Please take the lines from the one holding "600/1000ml Silicone Measuring" through the one holding "12 Sheets Nail" in the data below and copy them exactly.

- - - - - - -

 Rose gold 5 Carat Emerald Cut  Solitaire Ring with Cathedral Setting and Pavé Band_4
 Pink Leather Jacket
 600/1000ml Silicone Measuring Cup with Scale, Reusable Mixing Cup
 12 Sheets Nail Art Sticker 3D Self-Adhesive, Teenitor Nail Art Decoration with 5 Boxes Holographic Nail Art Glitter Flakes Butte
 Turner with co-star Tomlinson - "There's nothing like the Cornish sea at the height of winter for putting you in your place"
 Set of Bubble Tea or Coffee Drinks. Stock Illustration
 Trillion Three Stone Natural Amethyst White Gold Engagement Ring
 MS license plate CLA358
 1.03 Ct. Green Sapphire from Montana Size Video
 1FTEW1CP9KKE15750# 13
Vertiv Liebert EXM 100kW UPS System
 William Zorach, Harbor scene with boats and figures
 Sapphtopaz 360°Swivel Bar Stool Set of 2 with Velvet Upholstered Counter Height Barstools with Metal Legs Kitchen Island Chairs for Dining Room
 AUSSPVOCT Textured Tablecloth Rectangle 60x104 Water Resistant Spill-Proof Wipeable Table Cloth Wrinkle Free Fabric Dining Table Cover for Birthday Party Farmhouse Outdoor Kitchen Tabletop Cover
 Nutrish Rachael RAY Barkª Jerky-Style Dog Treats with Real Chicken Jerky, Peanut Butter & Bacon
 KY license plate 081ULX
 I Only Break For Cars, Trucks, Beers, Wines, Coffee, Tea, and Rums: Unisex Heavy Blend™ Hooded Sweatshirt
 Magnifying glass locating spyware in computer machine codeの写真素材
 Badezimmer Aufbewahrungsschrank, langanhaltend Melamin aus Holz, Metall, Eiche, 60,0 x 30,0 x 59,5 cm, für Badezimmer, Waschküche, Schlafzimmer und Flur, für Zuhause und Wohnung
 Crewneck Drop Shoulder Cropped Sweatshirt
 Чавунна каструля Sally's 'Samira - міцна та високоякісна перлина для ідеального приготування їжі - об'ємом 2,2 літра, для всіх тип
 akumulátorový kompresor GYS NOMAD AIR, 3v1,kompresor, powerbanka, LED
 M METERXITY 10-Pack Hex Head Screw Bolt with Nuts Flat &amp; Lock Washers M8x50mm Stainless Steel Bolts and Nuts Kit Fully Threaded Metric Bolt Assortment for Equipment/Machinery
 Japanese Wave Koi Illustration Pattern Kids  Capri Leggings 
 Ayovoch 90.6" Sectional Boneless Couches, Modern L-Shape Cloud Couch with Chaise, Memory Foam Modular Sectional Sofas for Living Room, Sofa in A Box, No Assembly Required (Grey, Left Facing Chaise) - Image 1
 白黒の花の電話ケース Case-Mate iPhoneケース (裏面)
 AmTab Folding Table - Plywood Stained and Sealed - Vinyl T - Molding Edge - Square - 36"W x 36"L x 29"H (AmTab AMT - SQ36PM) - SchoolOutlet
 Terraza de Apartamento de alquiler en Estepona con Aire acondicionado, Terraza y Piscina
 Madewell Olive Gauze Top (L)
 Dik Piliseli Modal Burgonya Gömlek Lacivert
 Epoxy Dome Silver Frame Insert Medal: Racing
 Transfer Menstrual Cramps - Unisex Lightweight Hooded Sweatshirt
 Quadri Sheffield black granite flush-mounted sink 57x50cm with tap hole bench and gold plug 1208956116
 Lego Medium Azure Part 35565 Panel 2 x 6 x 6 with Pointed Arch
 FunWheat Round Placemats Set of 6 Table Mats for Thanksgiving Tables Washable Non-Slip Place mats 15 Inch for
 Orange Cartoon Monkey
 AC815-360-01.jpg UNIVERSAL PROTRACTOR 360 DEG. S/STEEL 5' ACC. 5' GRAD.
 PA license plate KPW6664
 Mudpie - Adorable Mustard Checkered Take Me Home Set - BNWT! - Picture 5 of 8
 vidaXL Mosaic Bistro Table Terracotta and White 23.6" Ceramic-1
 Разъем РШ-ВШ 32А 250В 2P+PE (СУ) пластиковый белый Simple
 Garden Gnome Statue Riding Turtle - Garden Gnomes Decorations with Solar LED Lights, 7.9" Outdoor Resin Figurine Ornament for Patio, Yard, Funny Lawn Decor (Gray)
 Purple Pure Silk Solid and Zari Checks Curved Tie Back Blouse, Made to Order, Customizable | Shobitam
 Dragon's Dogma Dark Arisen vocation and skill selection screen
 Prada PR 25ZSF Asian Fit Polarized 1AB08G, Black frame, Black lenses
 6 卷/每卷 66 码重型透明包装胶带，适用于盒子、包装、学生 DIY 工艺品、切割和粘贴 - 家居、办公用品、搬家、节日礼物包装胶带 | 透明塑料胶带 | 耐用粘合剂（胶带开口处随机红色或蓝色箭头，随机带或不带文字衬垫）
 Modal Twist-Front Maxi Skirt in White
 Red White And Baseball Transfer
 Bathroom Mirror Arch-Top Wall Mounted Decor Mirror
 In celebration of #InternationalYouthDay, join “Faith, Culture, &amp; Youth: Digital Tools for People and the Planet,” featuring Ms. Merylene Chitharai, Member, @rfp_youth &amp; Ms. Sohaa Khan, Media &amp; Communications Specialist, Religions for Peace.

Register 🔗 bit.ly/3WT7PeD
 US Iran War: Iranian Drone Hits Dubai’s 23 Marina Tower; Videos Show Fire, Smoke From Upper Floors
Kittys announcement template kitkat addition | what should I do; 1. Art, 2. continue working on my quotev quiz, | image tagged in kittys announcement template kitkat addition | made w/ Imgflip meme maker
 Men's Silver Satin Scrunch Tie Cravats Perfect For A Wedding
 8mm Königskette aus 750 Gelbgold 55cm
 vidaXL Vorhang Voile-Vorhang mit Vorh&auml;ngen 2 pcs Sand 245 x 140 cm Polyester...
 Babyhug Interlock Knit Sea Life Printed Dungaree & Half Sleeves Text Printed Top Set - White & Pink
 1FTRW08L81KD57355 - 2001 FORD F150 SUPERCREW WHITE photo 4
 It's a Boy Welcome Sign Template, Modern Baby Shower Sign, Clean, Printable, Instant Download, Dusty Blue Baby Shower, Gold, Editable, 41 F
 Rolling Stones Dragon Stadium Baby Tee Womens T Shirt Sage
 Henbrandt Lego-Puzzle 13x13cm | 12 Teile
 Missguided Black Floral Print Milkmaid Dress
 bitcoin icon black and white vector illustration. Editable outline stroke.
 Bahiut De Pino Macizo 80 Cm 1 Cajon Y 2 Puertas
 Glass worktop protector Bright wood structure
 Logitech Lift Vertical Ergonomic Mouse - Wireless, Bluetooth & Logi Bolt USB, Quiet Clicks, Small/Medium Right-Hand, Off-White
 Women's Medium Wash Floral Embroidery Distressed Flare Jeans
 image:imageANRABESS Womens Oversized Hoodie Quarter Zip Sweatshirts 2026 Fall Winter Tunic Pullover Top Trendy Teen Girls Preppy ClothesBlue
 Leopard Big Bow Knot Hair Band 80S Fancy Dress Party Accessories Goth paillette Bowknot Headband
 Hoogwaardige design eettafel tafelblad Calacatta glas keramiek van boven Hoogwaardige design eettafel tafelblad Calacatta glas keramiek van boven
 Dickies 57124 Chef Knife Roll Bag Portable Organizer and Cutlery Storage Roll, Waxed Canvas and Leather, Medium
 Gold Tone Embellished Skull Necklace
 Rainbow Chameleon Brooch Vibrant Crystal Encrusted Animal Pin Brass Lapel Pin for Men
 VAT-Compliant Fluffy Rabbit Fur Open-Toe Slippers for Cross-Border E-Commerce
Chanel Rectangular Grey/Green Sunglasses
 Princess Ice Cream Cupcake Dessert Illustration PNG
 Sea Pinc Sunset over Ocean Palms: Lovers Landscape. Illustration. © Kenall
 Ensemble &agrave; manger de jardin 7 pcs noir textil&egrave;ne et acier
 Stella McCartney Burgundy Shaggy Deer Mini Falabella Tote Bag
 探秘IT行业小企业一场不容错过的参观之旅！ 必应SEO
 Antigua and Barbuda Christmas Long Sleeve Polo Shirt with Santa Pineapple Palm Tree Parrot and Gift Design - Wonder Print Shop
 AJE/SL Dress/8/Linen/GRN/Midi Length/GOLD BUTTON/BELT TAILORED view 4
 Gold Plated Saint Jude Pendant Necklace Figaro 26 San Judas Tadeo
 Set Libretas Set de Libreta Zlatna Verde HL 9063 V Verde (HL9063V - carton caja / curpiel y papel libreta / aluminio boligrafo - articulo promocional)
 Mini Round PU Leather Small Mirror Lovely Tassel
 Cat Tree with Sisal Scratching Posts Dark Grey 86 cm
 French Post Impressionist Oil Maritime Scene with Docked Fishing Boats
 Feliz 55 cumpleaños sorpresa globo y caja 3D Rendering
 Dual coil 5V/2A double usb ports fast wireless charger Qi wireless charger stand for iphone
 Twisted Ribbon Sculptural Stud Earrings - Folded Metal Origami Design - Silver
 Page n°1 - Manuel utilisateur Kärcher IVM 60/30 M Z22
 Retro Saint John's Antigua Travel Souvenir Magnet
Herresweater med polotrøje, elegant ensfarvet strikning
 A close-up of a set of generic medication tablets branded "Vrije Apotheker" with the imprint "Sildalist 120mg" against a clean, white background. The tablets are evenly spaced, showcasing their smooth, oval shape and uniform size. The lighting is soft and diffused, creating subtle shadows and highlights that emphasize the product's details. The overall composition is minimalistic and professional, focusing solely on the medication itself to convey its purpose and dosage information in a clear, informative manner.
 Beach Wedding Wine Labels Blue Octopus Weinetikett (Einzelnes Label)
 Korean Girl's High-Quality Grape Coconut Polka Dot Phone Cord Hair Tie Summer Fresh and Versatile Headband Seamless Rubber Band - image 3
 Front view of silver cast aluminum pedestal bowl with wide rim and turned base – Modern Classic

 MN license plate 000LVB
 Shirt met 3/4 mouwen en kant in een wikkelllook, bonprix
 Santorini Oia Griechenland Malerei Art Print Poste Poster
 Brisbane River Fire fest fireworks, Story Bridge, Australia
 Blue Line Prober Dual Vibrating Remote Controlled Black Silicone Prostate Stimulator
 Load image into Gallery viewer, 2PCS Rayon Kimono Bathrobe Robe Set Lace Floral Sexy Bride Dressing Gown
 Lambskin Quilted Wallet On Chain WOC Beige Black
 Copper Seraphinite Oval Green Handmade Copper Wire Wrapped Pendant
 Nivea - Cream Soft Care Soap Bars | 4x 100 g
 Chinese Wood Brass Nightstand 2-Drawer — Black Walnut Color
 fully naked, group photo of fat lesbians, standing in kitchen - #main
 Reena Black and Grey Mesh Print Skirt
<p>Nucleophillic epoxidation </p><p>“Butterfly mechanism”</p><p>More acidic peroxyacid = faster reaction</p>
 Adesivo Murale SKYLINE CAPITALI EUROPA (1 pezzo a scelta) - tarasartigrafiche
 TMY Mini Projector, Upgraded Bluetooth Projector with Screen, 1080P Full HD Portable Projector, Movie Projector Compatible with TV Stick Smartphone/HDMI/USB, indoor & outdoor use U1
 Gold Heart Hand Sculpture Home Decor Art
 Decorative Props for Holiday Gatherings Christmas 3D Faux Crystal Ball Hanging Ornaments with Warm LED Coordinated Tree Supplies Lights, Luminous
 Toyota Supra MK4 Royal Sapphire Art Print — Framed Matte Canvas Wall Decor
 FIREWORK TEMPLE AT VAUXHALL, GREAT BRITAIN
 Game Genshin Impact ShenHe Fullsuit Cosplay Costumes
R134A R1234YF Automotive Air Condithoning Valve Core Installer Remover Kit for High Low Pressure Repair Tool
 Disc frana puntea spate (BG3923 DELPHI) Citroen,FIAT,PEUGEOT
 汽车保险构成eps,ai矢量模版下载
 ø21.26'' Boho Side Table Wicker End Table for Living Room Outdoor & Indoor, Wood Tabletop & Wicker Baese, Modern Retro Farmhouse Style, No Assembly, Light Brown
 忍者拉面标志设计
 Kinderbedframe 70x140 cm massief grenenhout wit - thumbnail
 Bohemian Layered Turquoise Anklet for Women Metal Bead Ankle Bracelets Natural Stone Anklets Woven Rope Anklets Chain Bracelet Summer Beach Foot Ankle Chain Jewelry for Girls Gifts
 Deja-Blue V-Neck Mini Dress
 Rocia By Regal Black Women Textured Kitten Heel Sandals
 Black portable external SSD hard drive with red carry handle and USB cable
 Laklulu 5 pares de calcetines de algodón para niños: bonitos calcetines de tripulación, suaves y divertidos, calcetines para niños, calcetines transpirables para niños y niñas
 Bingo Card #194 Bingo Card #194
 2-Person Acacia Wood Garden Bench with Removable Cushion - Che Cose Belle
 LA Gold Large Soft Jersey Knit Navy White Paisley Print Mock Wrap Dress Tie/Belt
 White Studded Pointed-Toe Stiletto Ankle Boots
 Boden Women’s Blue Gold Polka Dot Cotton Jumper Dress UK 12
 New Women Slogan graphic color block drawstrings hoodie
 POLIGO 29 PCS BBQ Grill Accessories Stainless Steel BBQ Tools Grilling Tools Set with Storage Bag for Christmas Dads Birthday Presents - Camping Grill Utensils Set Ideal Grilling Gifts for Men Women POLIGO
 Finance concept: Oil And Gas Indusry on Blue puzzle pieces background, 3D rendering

- - - - - - -

Written reply:
 600/1000ml Silicone Measuring Cup with Scale, Reusable Mixing Cup
 12 Sheets Nail Art Sticker 3D Self-Adhesive, Teenitor Nail Art Decoration with 5 Boxes Holographic Nail Art Glitter Flakes Butte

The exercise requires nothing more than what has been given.